The product I work on uses STL in quite an aggressive way and also it permeates all of the source code, so any change to the performance of it can have very severe knock-on effects.
We upgraded to Visual Studio .NET 2005 from Visual Studio .NET 2003 with STLPort 4.6. We decided to make the switch to Microsoft STL which in coding terms was very simple. This slowed the entire system down massively, especially in debug mode. I covered in a previous post how to gain back some of the performance. This speeds up the STL by a massive amount as the safe iterator and iterator checking have large overheads.
In comparison to STLport the performance in debug is so much slower that it is completely unusable for anything beyond the most simple operations.
In release mode the performance is not quite as bad. For one of our large tests it takes approximately 30000 seconds with our old build system. With the Microsoft STL with all the possible performance improvements possible the tests took over 36000 seconds to run.

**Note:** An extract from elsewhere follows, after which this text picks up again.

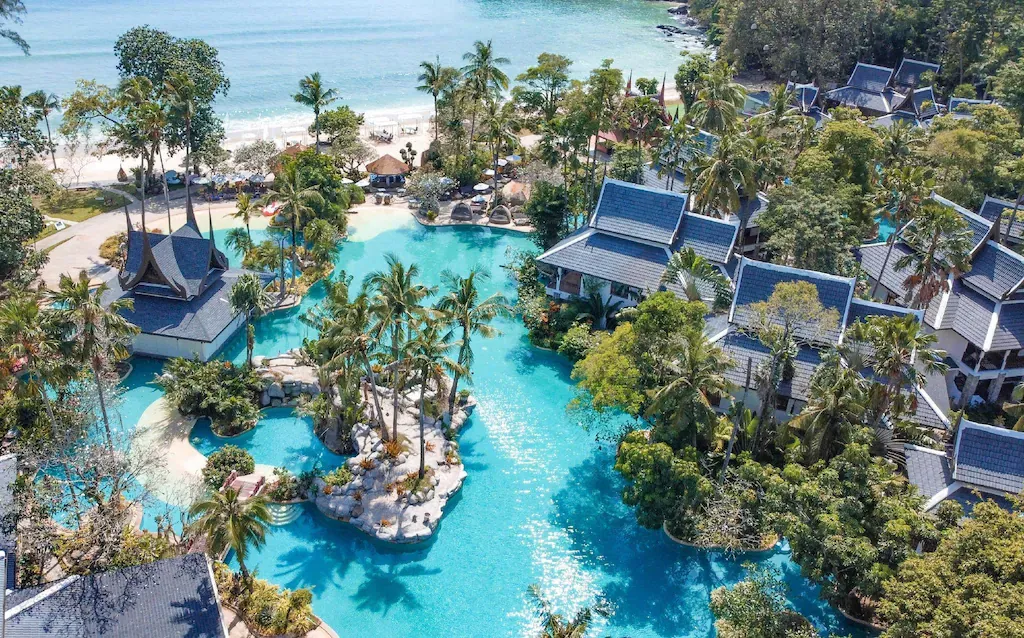 Thavorn Beach Village Resort & Spa Phuket - Aerial drone view of lagoon pool and beach villas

The performance degradation was unacceptable. It was not only the time but memory as well, with the large data sets we use this causes massive amounts of paging to hard drive. The Microsoft STL uses about 50% more memory than STLport.
Unfortunately STLport is not as easy to debug as the Microsoft implementation is coupled with the debugger. But the performance degradation is simply too much to ignore.
The current version of STLport is 5.1 and works with loads of compilers and platforms.